Entrepreneur / Artist
I don’t know why I’ve chosen the weirdest pair of shoes, but I’m going to tell you about them. I have a pair of shoes that I got in this small town in Italy. And I picked them up when I was visiting a friend who was living there at the time. I remember we were walking around the town and I was like, “let’s go buy shoes” because that is something you do in Italy. They were 40 euros, really cheap, made of leather and suede — and the style is called monk strap shoes.
When I’m wearing them the inside is slick, and they are loose and very comfortable. I’ve always enjoyed wearing them on nice days or when the weather is cool ... or when I go dancing. They're fantastic dancing shoes.
And the reason that they evoke these amazing memories is simply because I was with one of my favorite people on earth when I bought them, and now every single time I put them on I remember her.
And I remember all of the amazing people that I’ve met in them — or that I have hung out with in them — because of the fact that they’re these fun “let’s go out and go dancing” shoes. So every single time I wear them they just remind me of that comfort. And of the fun experiences with friends and people that I really care about.

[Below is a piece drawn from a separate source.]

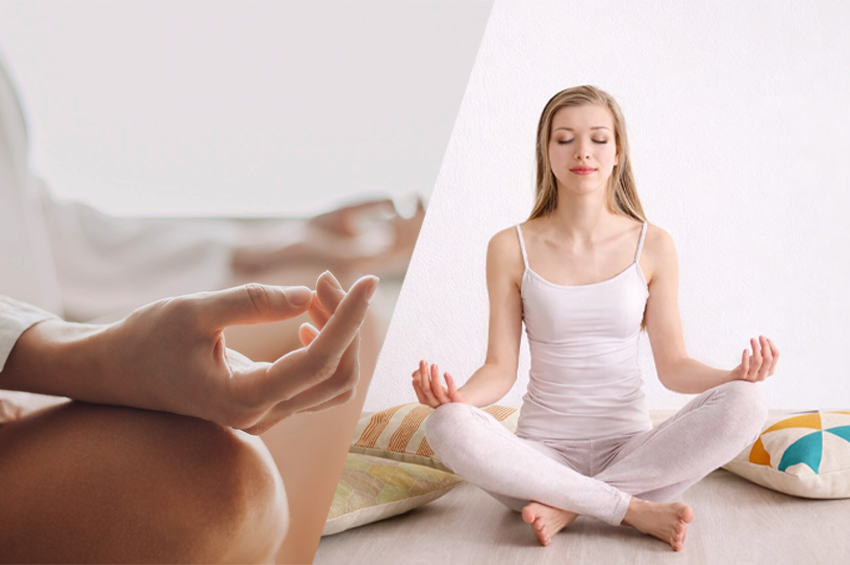 Méditation guidée – Animal de pouvoir (1h)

That said, they are dying. I’ve had them resoled three times. Every single time I bring them in, I ask the guy who resoles them, “Can I … Can I get the heel redone again?” and he’s always like “Umm … If you want to?” ... He’s judging me for trying to repair shoes like that. And I get it, I get it, they’re cheap shoes. But they hold these memories for me that I feel really good about.
They’ve also recently taken an amputation, if I can say that. The monk strap is supposed to be two buckles, and two parts that go into the buckles, and somehow magically one of those has ripped off. But you know what? I still wear them.
I think these might even be a metaphor for friendships. How you go through hard times and weird experiences, and maybe you’ll do something absolutely insane. And even if it’s a bad thing and maybe your friendship is never quite the same; you’ll still always have that base experience of joy, and happiness, and goodness that you can always think back on and remember. They’re not the same, but they’re the reason that I have them in the first place.
And would I go out and buy shoes that are busted? No. But I have so much of a history with them now. They’re a part of my relationships now I guess, and they reflect a lot about that.